▸ **Exercise details**
Every record below is to be retyped exactly, with the pictures left out.

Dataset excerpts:
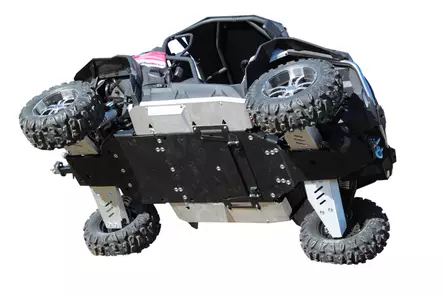 Bottenskydd (HDPE/Aluminium) CF-Moto ZForce - ATV  & UTV Hasskydd - 1000000034 - 1
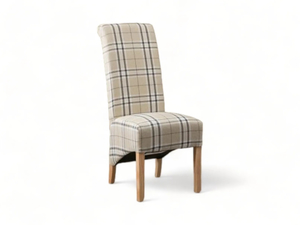 Products: High Back Fabric Dining Chair - Mr. Hire Purchase
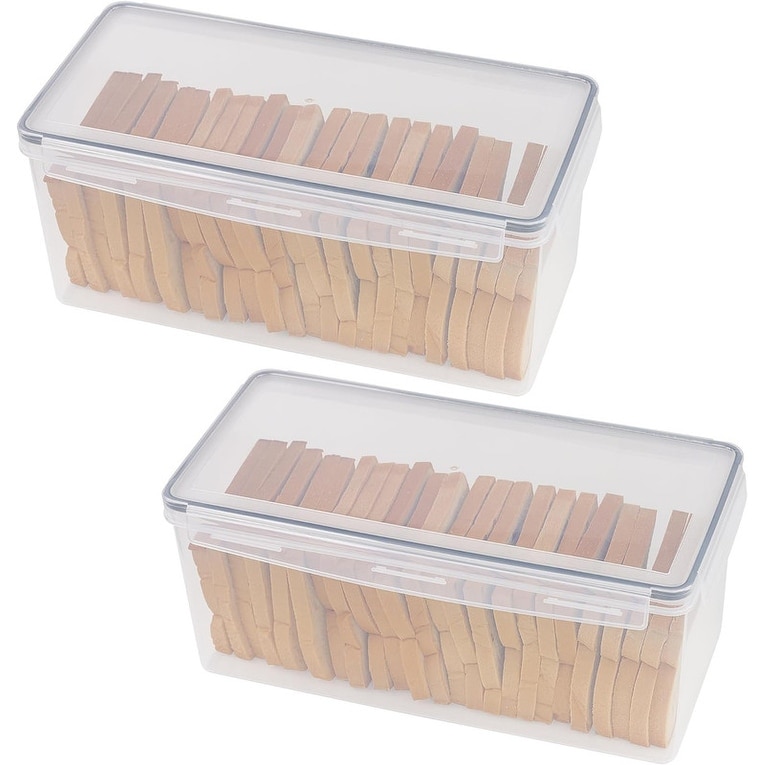 2 Pack Large Bread Box for Kitchen Countertop - Bed Bath & Beyond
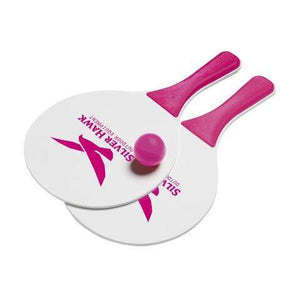 BeachTennis strandspel rood 1 kleur 1462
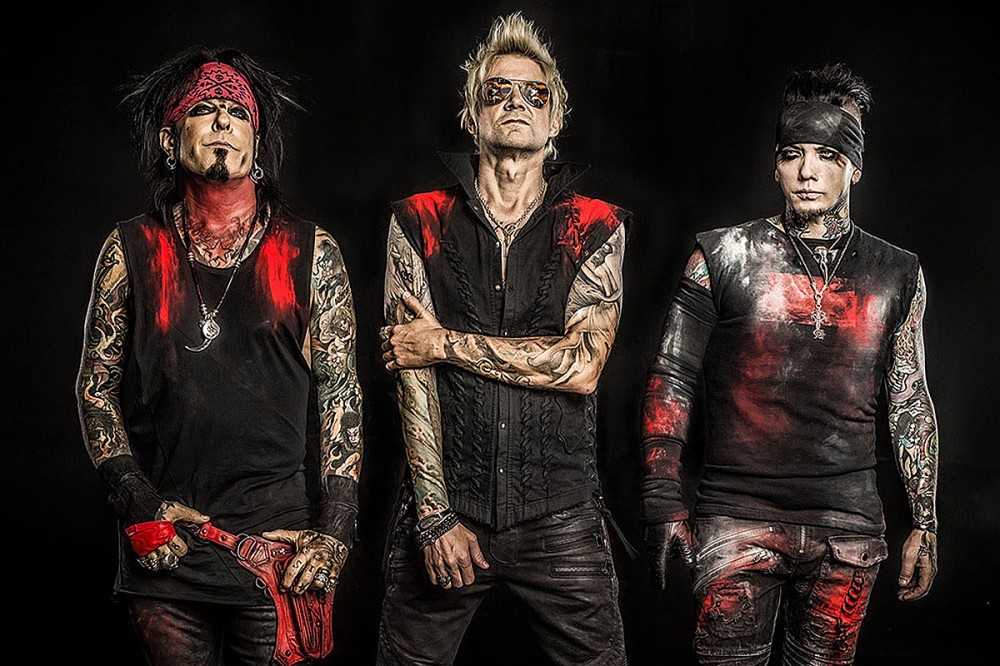 Sixx: A.M.’s James Michael – For Now, ‘Hits’ Album Is ‘Good Way to Wrap This Up’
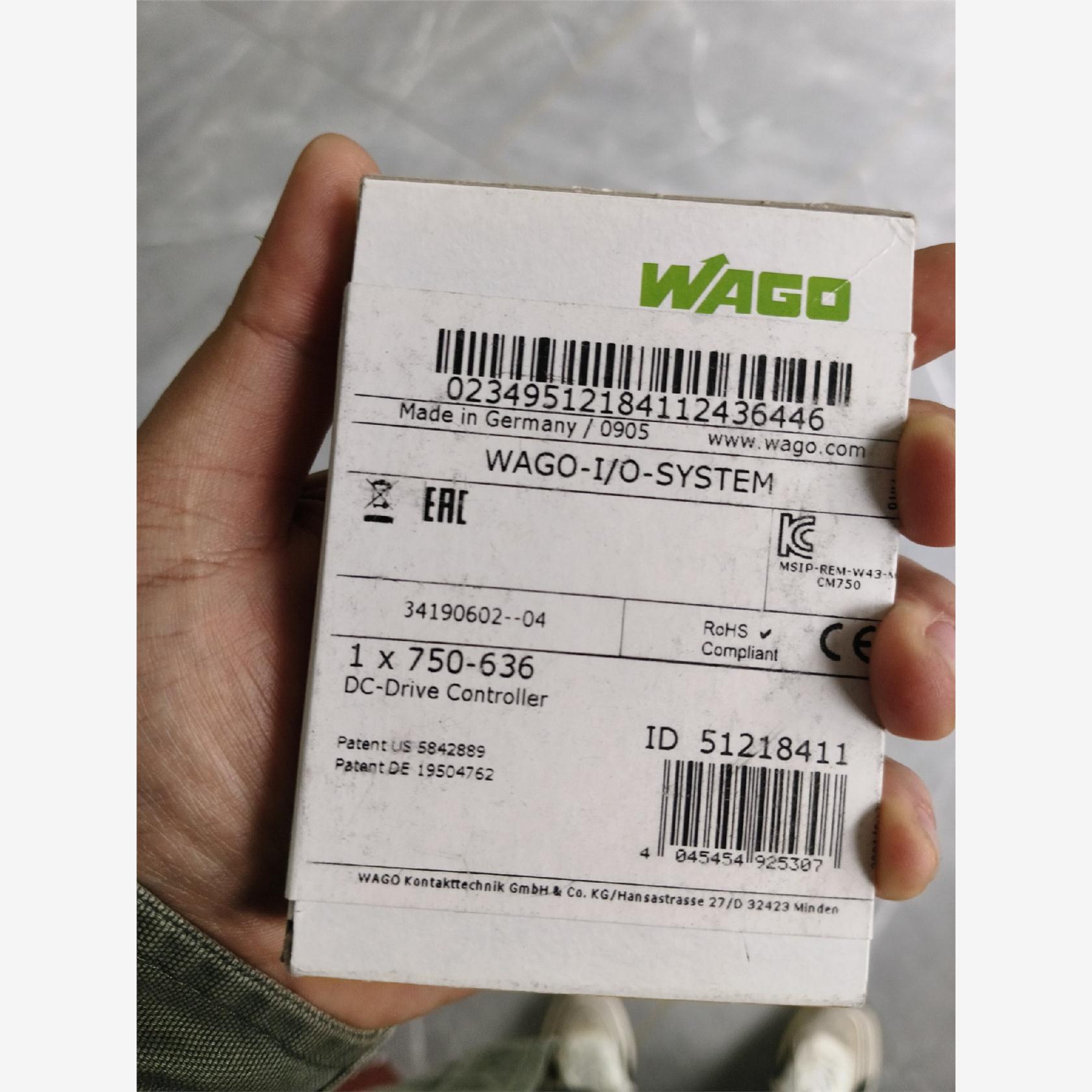 议价直拍不发:议价750-636德国万可模块750-636 拍完为止拍前联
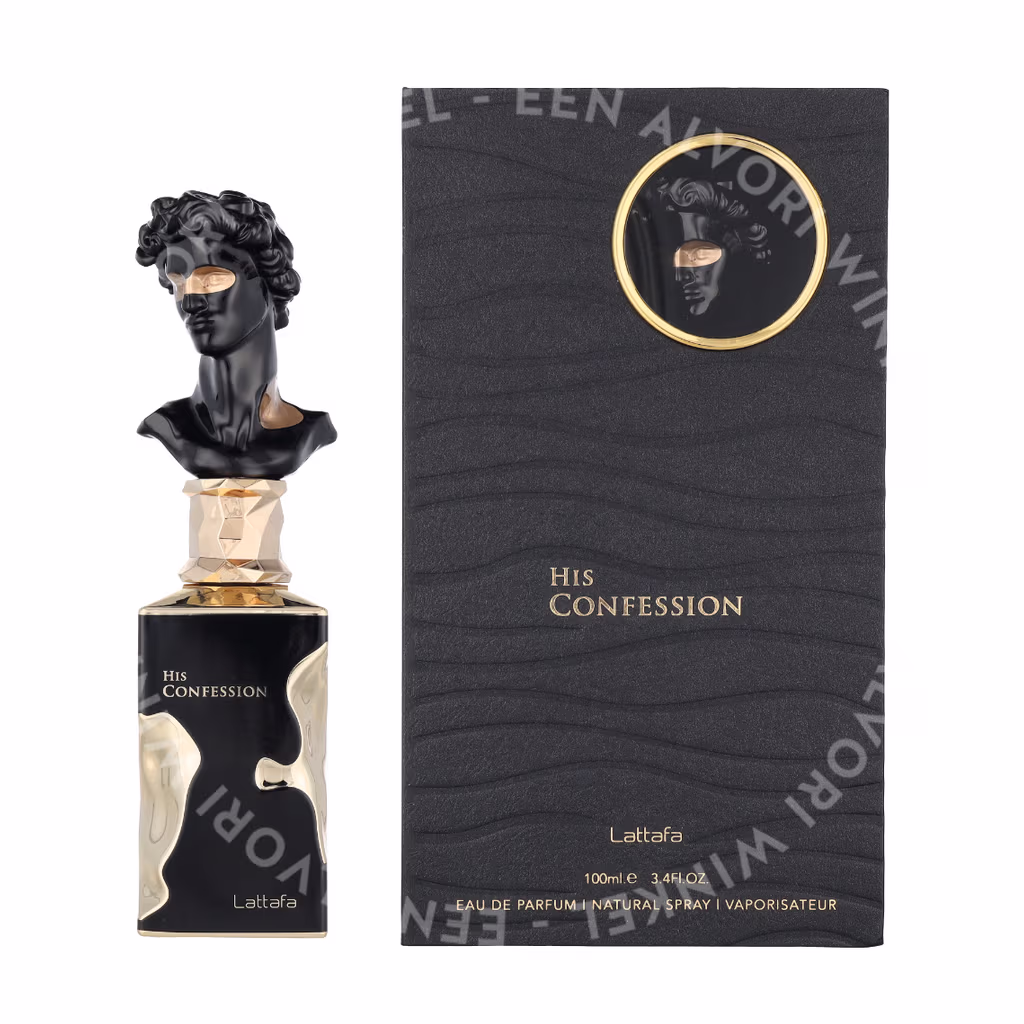 Lattafa Lattafa His Confession Edp Spray — foto 3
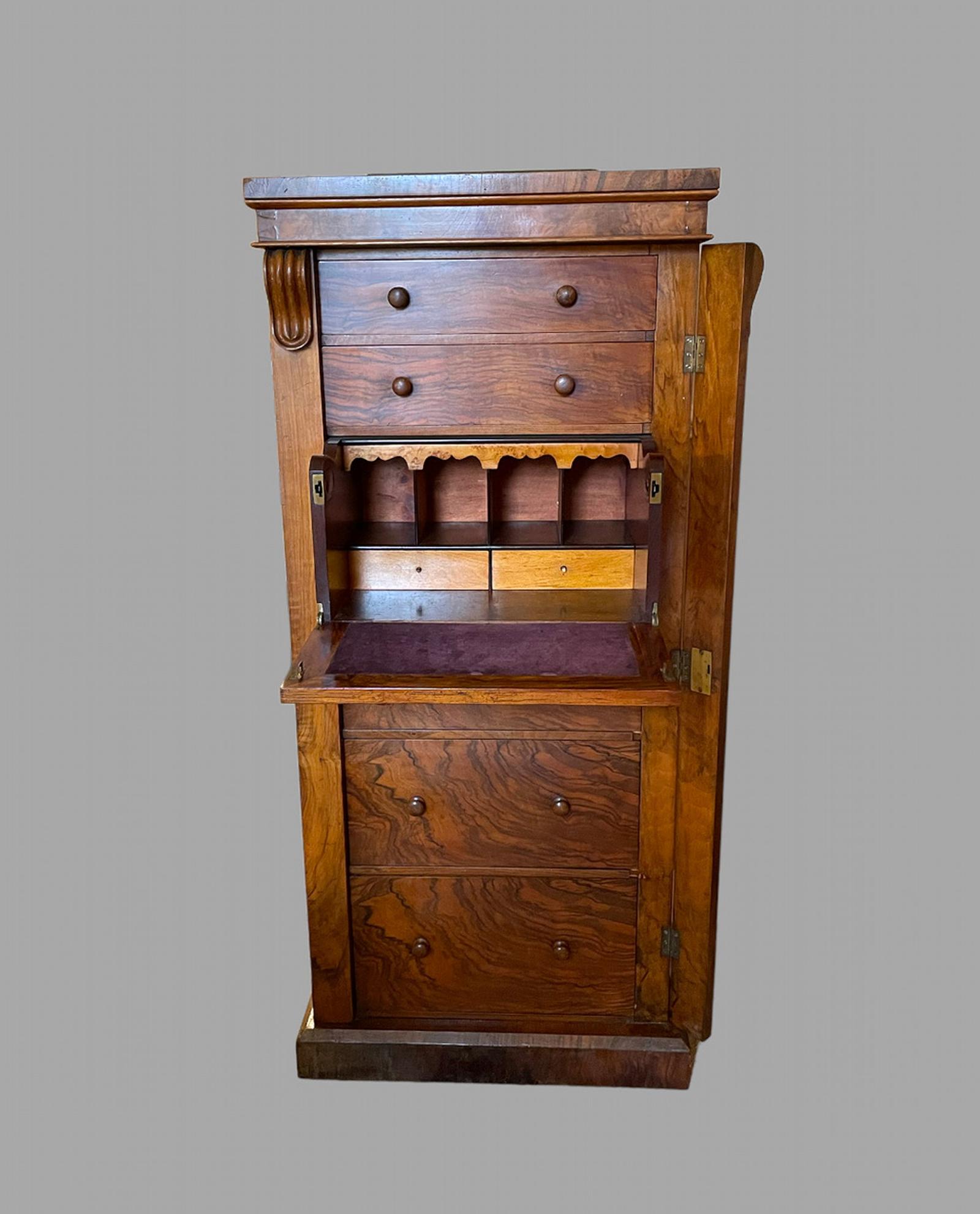 Victorian Wellington Chest (1 of 4)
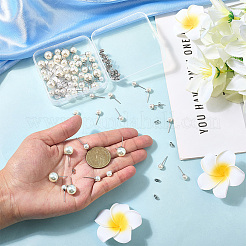 Фурнитура для сережек-гвоздиков из нержавеющей стали 304&nbsp;EJEW-SP0001-17E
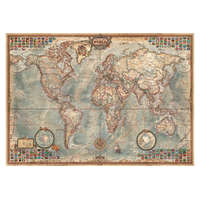 Educa Politikai világtérkép puzzle Educa 16005 - Politikai világtérkép puzzle - 1500 db-os 85 x 60 cm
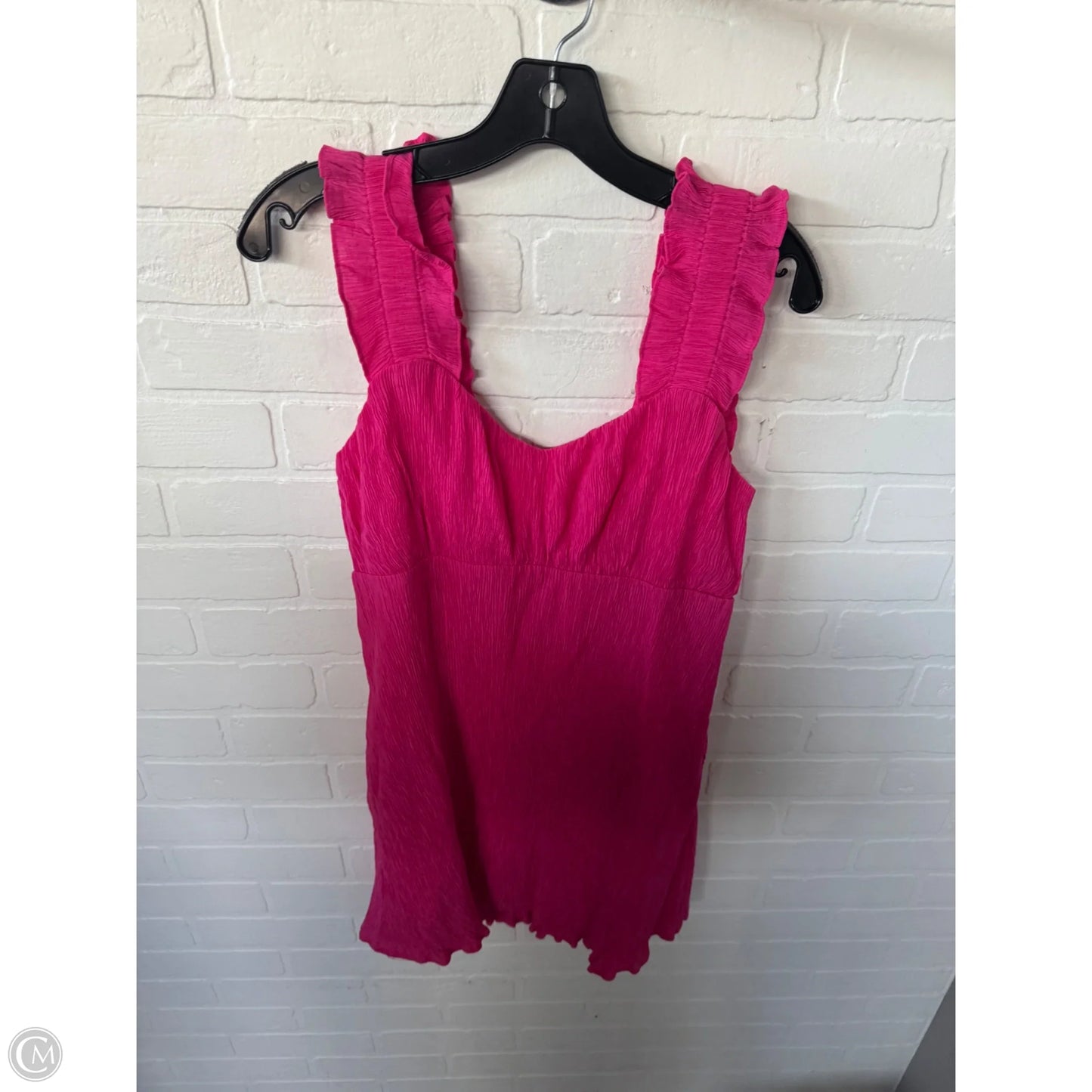 Dress Casual Short By Altard State In Pink, Size: L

▸ **Exercise answer**
 Bottenskydd (HDPE/Aluminium) CF-Moto ZForce - ATV  & UTV Hasskydd - 1000000034 - 1
 Products: High Back Fabric Dining Chair - Mr. Hire Purchase
 2 Pack Large Bread Box for Kitchen Countertop - Bed Bath & Beyond
 BeachTennis strandspel rood 1 kleur 1462
 Sixx: A.M.’s James Michael – For Now, ‘Hits’ Album Is ‘Good Way to Wrap This Up’
 议价直拍不发:议价750-636德国万可模块750-636 拍完为止拍前联
 Lattafa Lattafa His Confession Edp Spray — foto 3
 Victorian Wellington Chest (1 of 4)
 Фурнитура для сережек-гвоздиков из нержавеющей стали 304&nbsp;EJEW-SP0001-17E
 Educa Politikai világtérkép puzzle Educa 16005 - Politikai világtérkép puzzle - 1500 db-os 85 x 60 cm
 Dress Casual Short By Altard State In Pink, Size: L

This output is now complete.